On 22 Aug 2015 at 19:43, Glen Fernandes wrote:
Hartmut makes a good point. Niall, please correct me if my understanding is lacking here: - You are presenting this library with interface version A - You plan to implement interface version B while also providing A for backward compatibility - Once B is implemented, all documentation will only ever mention B because it is superior - The benefits of B make it superior in every way to A
Your understanding is lacking. v1.3 AFIO is the old, very well tested, mature engine with the original API from GSoC 2013. It is reliable, won't lose you data, exposes the POSIX race freedom guarantees, and is a good solid base for any file system application. It is not particularly friendly to program with, or at least that's what everyone has told me. v1.4 AFIO is the library being presented here. It has a new, much more friendly API which should address all the usability concerns people have expressed over the past two years. The *internal* *implementation* of the v1.4 AFIO you are being presented with is currently implemented internally using the v1.3 engine. That makes it just as reliable, just as well tested, just as solid a base for a database application as v1.3 AFIO is, except it is now easier to program against. A later *internal* implementation will be completely new, but that isn't important to this review because little external changes. Code written now still works later, just faster. Every Boost library sees substantial internal refactoring over time, AFIO is no different. Check out the tutorial yourself. If you think the API presented looks well designed and easy to use, if all the unit tests pass and have good coverage, if you think the documentation is up to scratch, if you feel the error handling is well implemented then vote for acceptance, with the condition I must return for an additional mini-review later if you like. If you feel the design of the API is fundamentally flawed, the unit tests are useless, the documentation rubbish, then vote for rejection.
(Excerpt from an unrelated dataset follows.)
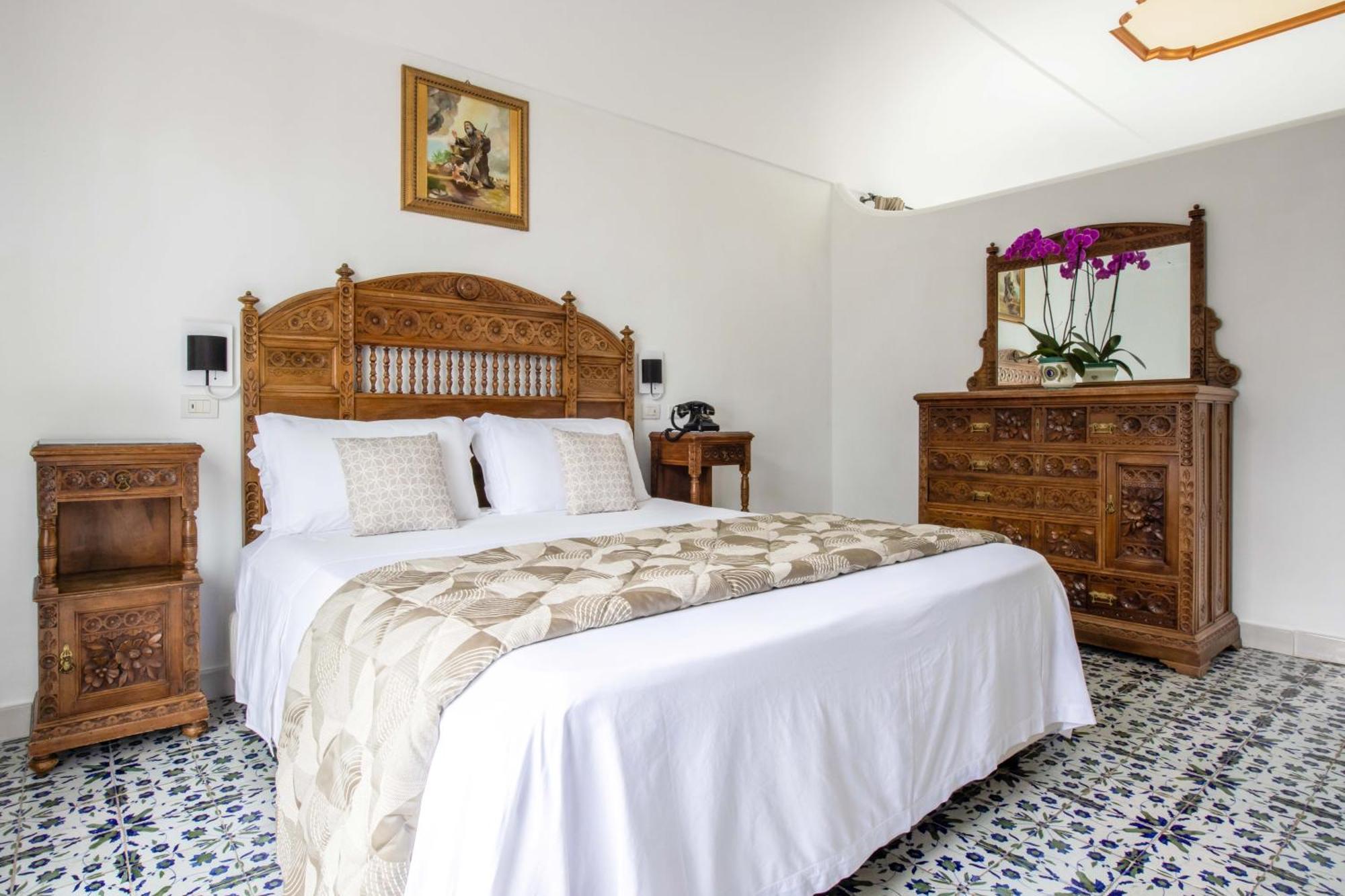Oasi Olimpia Relais Hotel Sant'Agata sui due Golfi Bagian luar foto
The library being presented today is very well tested, and should *not* *lose* *you* *data* which is the most important quality in an i/o library. Even if performance - as you will see in the tutorial's benchmarks - is a bit poor in the current engine in some use cases.
I'm interested in an asynchronous file I/O library being part of Boost for performance (portably). As long as it is no less reliable than using the native filesystem APIs, reliability isn't a concern or a big selling point for me.
As the documentation lists out in great detail, and including a table of race guarantees per API in the reference docs and a table of what guarantees are available on each well known filing system, the reliability and sequential consistency guarantees offered by AFIO far exceed those of Filesystem or STL iostreams. Again, instead of jumping to conclusions based on ranting by a person with a well known personal vendetta against me, I'd suggest go read the documentation. If you come away with questions and concerns, ask them here. If you come away impressed, and I think you will be, all the better. If you come away thinking this library is deeply flawed and needs a substantial design refactoring, I am all ears because I would really love to know what's wrong with the AFIO API design *now* not later. That's why I am here, for a review of AFIO's design by my peers.
Am I to understand that by design, AFIO's implementation implies lower performance than an alternative? (even if that alternative is something like libuv, which has its own flaws)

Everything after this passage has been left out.